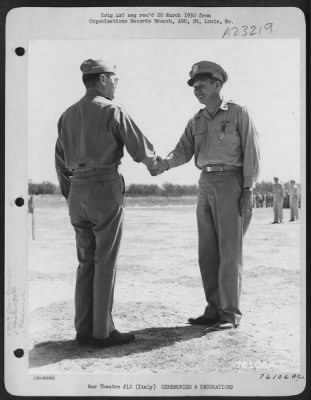 Consolidated > Major General Idwal H. Edwards Congratulates Colonel Karl Polifka On Receiving The Legion Of Merit During A Ceremony At An Air Base Somewhere In Italy.  90Th Photo Reconnaissance Wing.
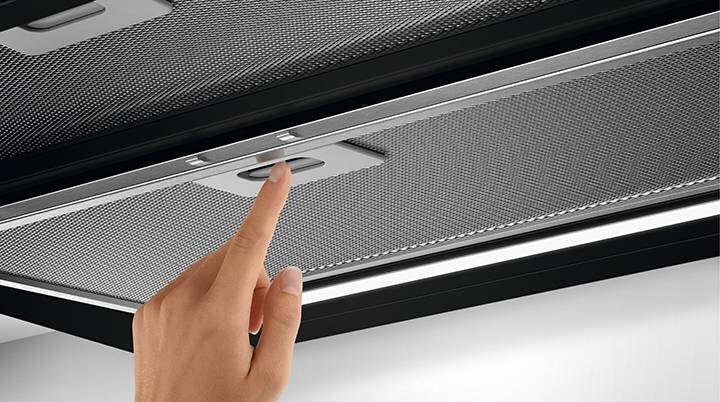 Hand inserts filter in cooked hood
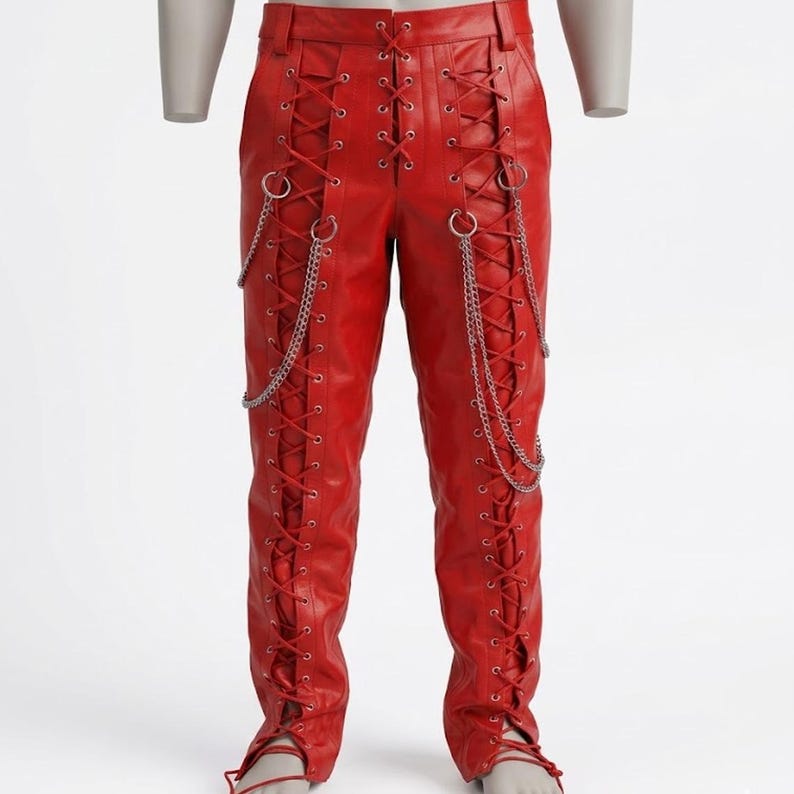May include: Bright red leather trousers featuring a lace-up design on the front and sides. Silver chains hang from the waist and sides. The trousers have a fitted shape and are displayed on a mannequin.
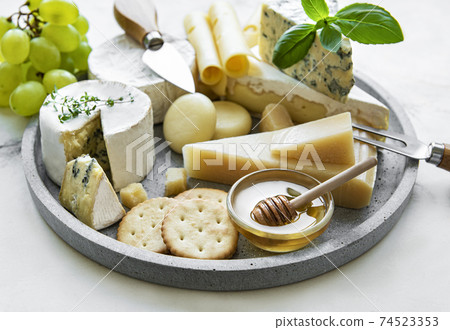 Various types of cheese, grapes and honey 74523353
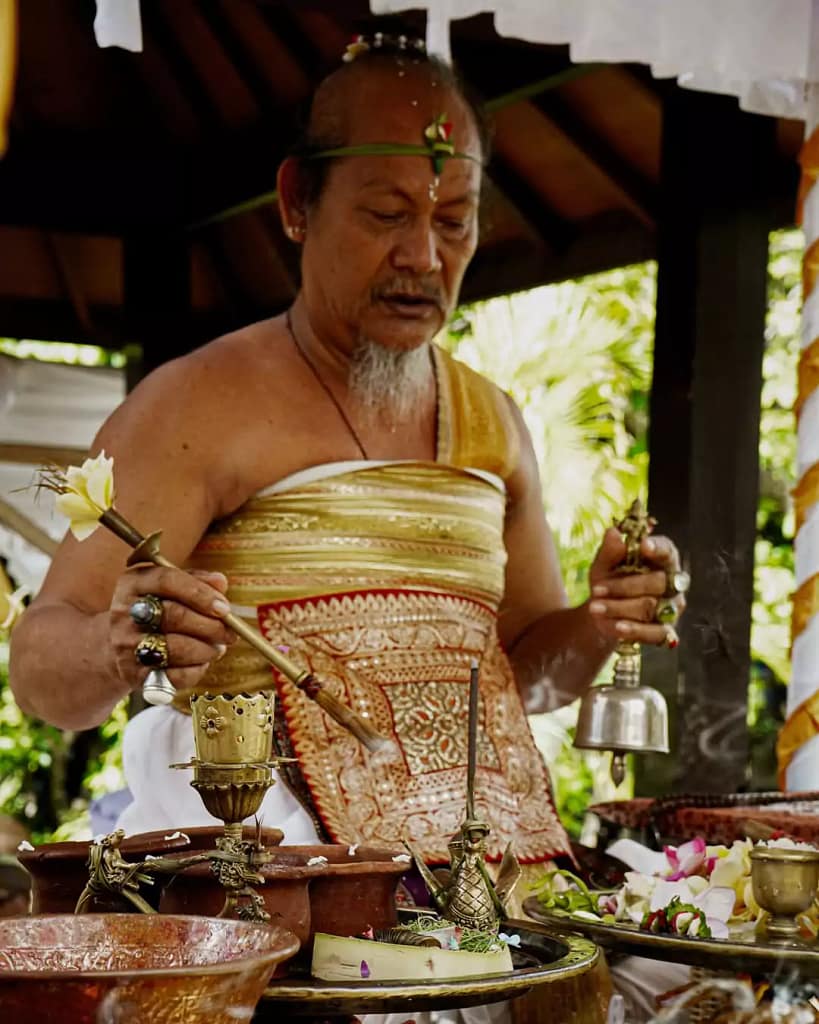 what religion in bali - a priest in bali praying and reading mantras with peaceful humming
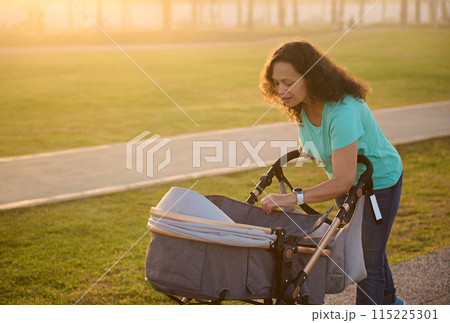 Smiling happy young woman, loving caring mother walking with her newborn baby in stroller, spending time funny on the city park t sunset Smiling happy young woman, loving caring mother walking with her newborn baby in stroller, spending time funny on the city park t sunset 115225301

+++++

- _To do_
Set down, exactly as written above, each line from the one with "Hand inserts filter in cooked hood" through the one with "what religion in", and skip the pictures.

- _Answer space_
 Hand inserts filter in cooked hood
May include: Bright red leather trousers featuring a lace-up design on the front and sides. Silver chains hang from the waist and sides. The trousers have a fitted shape and are displayed on a mannequin.
 Various types of cheese, grapes and honey 74523353
 what religion in bali - a priest in bali praying and reading mantras with peaceful humming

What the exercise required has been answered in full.